I ran a quiet sine wave through the implementation and I believe it overflowed, I received the output: loudness 2473.459531146733

import numpy as np
import pyloudnorm

frequency = 997
sample_rate = 1000
block_size = 0.4

# NOTE: Generate sine wave
# https://stackoverflow.com/questions/22566692/python-how-to-plot-graph-sine-wave/34442729
signal = np.arange(sample_rate * block_size, dtype=np.float32)
signal = np.sin(2 * np.pi * frequency * (signal / sample_rate)).astype(np.float32)
signal = signal / 100000
meter = pyloudnorm.Meter(rate=sample_rate, block_size=block_size, filter_class="DeMan")
print("loudness", meter.integrated_loudness(signal))

I think it would be best to adjust the computation so that this does not overflow and return negative infinity like other quiet signals.

csteinmetz1 commented 1 year ago

Hi @PetrochukM,

Thanks for checking out pyloudnorm.

This is an interesting issue. The first thing is that a sample rate of 1000 for most audio signals is not very realsitic, and in those cases I do not think the loudness algorithm will produce meaningful results. However, I agree with you that pyloudnorm should not produce a value like 2473.459531146733.

I noticed something else from your example. You are using a sample rate of 1000, but trying to construct a sine wave with a frequency of 997 Hz. According to Nyquist we can only represent properly a signal of fs/2 which would be 500 Hz in this case. I found that pyloudnorm gives -inf correctly in the case where you increase the sample rate to 2000 Hz. However, whenever a sample rate of 1000 Hz or less is used I find this overflow issue.
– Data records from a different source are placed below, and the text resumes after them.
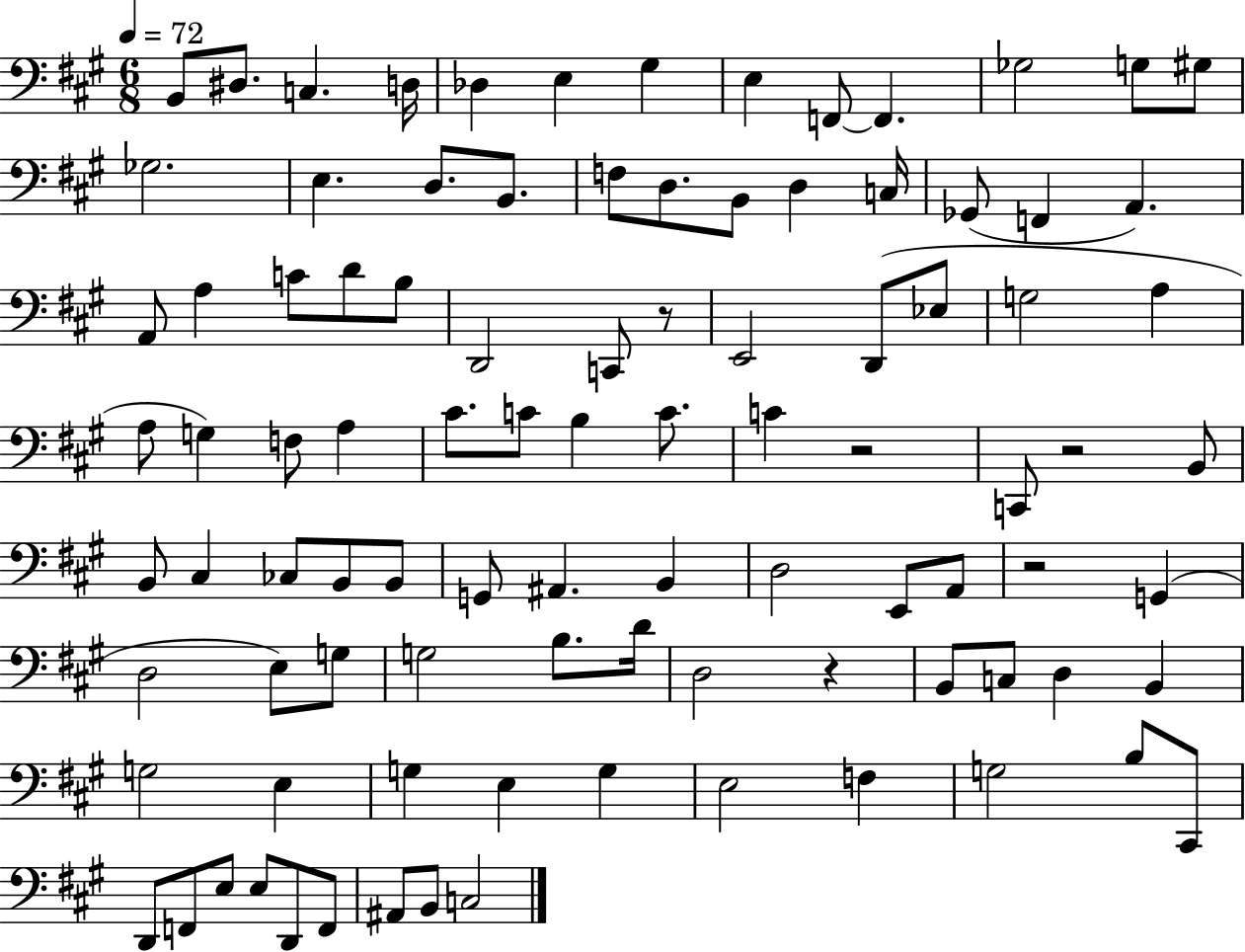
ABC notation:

X:1
T:Untitled
M:6/8
L:1/4
K:A
B,,/2 ^D,/2 C, D,/4 _D, E, ^G, E, F,,/2 F,, _G,2 G,/2 ^G,/2 _G,2 E, D,/2 B,,/2 F,/2 D,/2 B,,/2 D, C,/4 _G,,/2 F,, A,, A,,/2 A, C/2 D/2 B,/2 D,,2 C,,/2 z/2 E,,2 D,,/2 _E,/2 G,2 A, A,/2 G, F,/2 A, ^C/2 C/2 B, C/2 C z2 C,,/2 z2 B,,/2 B,,/2 ^C, _C,/2 B,,/2 B,,/2 G,,/2 ^A,, B,, D,2 E,,/2 A,,/2 z2 G,, D,2 E,/2 G,/2 G,2 B,/2 D/4 D,2 z B,,/2 C,/2 D, B,, G,2 E, G, E, G, E,2 F, G,2 B,/2 ^C,,/2 D,,/2 F,,/2 E,/2 E,/2 D,,/2 F,,/2 ^A,,/2 B,,/2 C,2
It is not clear yet what causes this, but I have a hypothesis that it is related to how the filters are constructed. They likely do not make sense with such low cutoff frequencies and hence cause an overflow.

I do not think it is worth reworking the computation to fix this edge case as it might have implications for performance at normal sample rates. Instead I propose that we add an error message when users supply audio with a sample rate less than 8000 Hz. This seems like a valid solution since the original algorithm was not intended to operate at samples rates lower than this anyway. What do you think?